Taoiseach Enda Kenny

Earlier today.

During Leaders’ Questions.

Taoiseach Enda Kenny was asked about former chairman of Anglo Irish Bank Seán Fitzpatrick being acquitted of furnishing false information to Anglo’s auditors.

The acquittal followed solicitor with the Office of the Director of Corporate Enforcement (ODCE) Kevin O’Connell admitting that he had destroyed documents relevant to the criminal proceedings against Mr FitzPatrick, among other matters.

During Leaders’ Questions, Mr Kenny said:

“The ODCE is a statutory independent body. Its mother Department, the Department of Jobs, Enterprise and Innovation, has no responsibility or power of enforcement. The ODCE takes its own legal advice. There were gardaí attached to the ODCE in the beginning but they were not involved in the way this case was taken. The judge did point out that the most fundamental error was the way in which they went about taking evidence from the auditors of Anglo Irish Bank, who were both from the firm of accountants involved.

He said that it was intended that their statements would be taken in the normal way by members of the Garda Síochána who were then attached to the ODCE. Instead, however, the statements were obtained through solicitors from a legal firm.

The ODCE pointed out that it has now undergone substantial organisational change and that it was simply not equipped to undertake parallel investigations on the scale involved. I want to say this: I have not spent the past six years as head of Government and making very difficult decisions only to hear again now the allegation in respect of white-collar crime that people can walk away, that nobody is guilty and that nothing is being done about it.

“Let us, as a Parliament, decide what we must do with an organisation like the ODCE. I can confirm that when the Minister for Education and Skills, Deputy Bruton, had responsibility for jobs, requests by the ODCE to his then Department for resources were granted. Now I find that the ODCE says it was simply not equipped to take parallel investigations on the scale involved.

I can confirm that the Minister has asked the Director of Corporate Enforcement for a full report, including on the role of all professionals involved in this case. That report will cover the issues involved since 2008 when this case commenced – almost ten years ago. Nothing is ruled out.
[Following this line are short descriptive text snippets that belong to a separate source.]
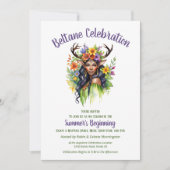 Beltane Summer Fairy Floral Sabbat Party Einladung (Vorderseite)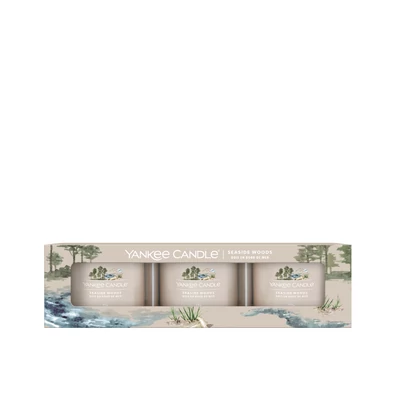 Yankee Candle® Seaside Woods üveges mintagyertya szett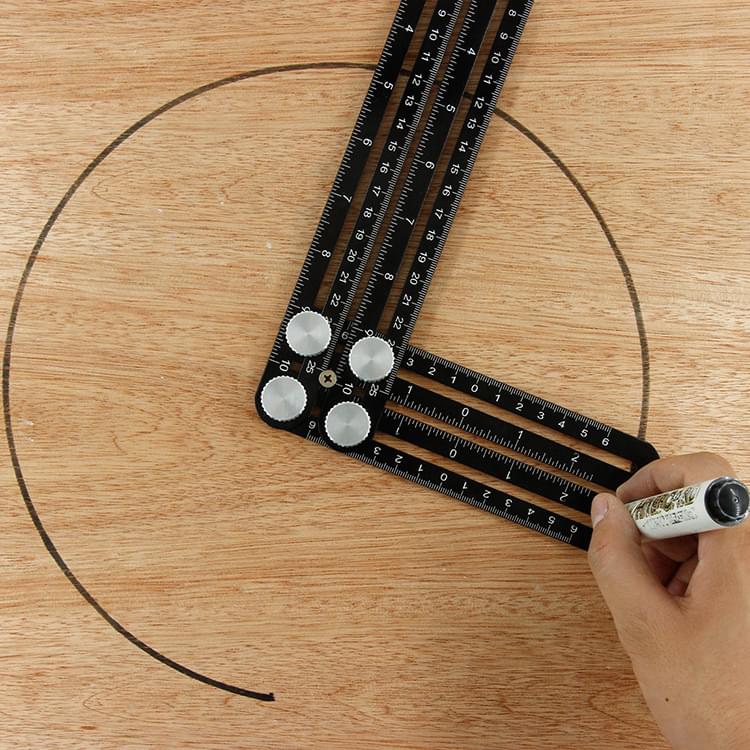 Sistem pliabil, rigla multi-unghiulara aluminiu, trasare gauri, 6 segmente, onuvio®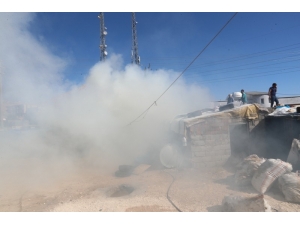 Mardin’de Ahırda Korkutan Yangın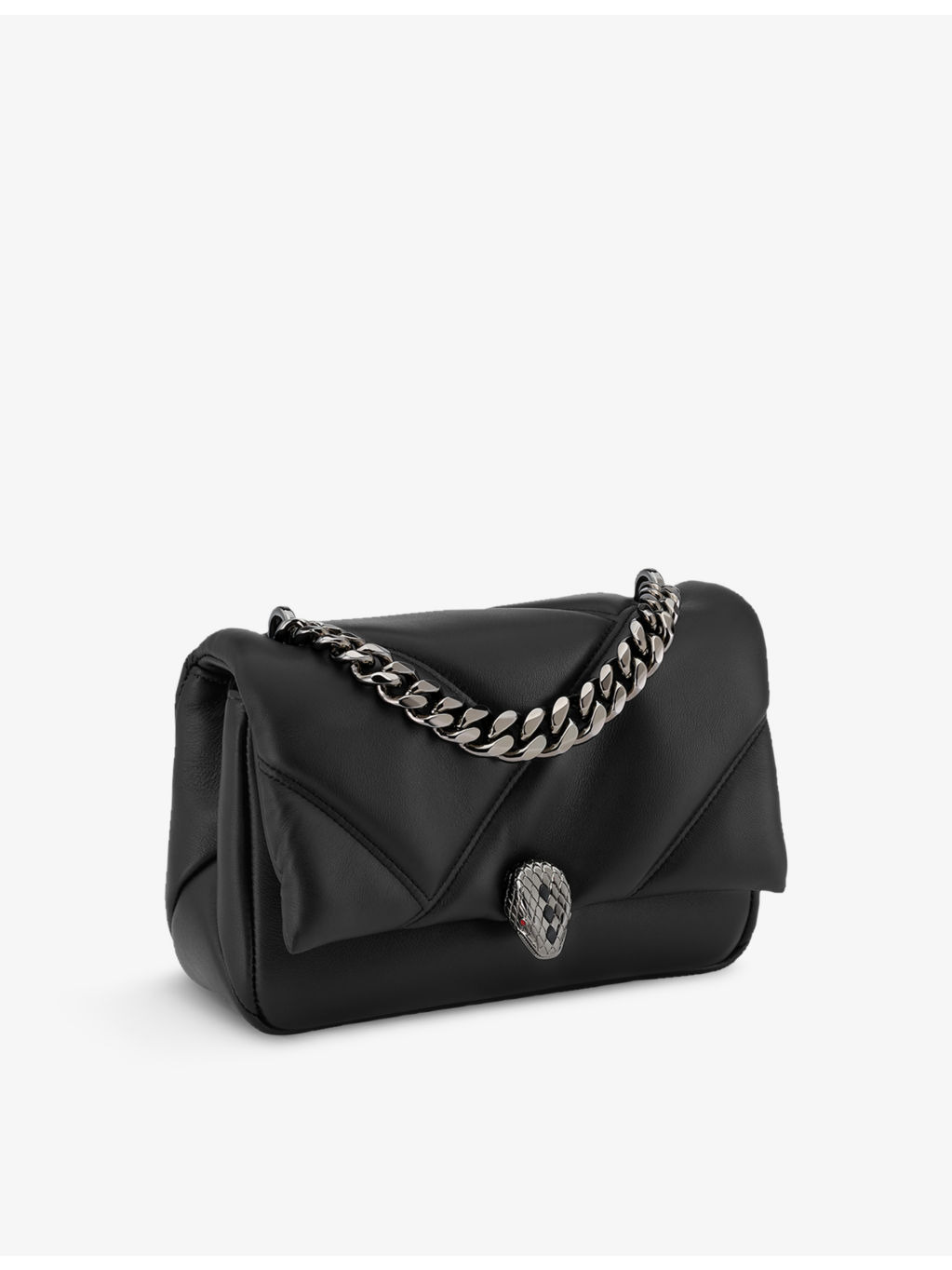 Serpenti Maxi Cabochon small leather cross-body bag - 3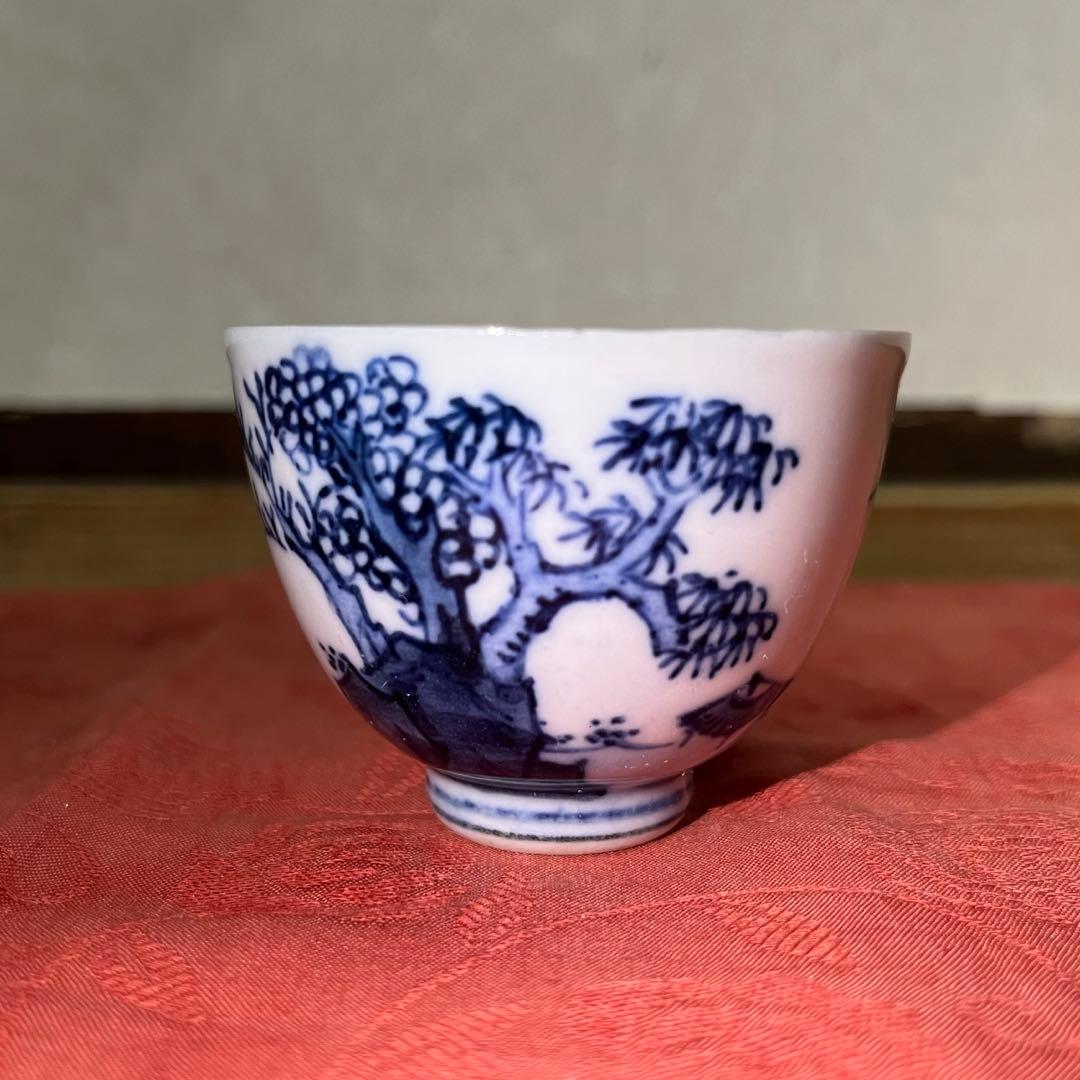 煎茶道具　煎茶碗　5客セット　大明成化年製　お値下げしました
“When Deputy Catherine Murphy had her full group, she put forward a proposition for a statutory standing body in the Dáil to deal with matters of corruption and so on.”

“The Minister will bring this before Government in due course. The Government will consider it next week, but I want the Minister to carry out an absolute review of what happened. It is not good enough.”

Sigh.

Transcript via Oireachtas.ie

Earlier: A Moment Of Panic

From top: Kevin O Connell from the Office of the Director of Corporate Enforcement; RTÉ Prime Time‘s David McCullagh and Dearbhail McDonald last night

“We [Irish Independent] actually knew back in 2015 that this particular prosecution of Sean Fitzpatrick was in serious trouble and serious jeopardy but we couldn’t report it at that time.

Back in 2015, legal argument came in the absence of a jury about key aspects of the trial and one of those included the manner in which statements were taken from two key witnesses Vincent Bergin and Kieran Kelly who were audit partners in Ernst & Young which we now know as EY.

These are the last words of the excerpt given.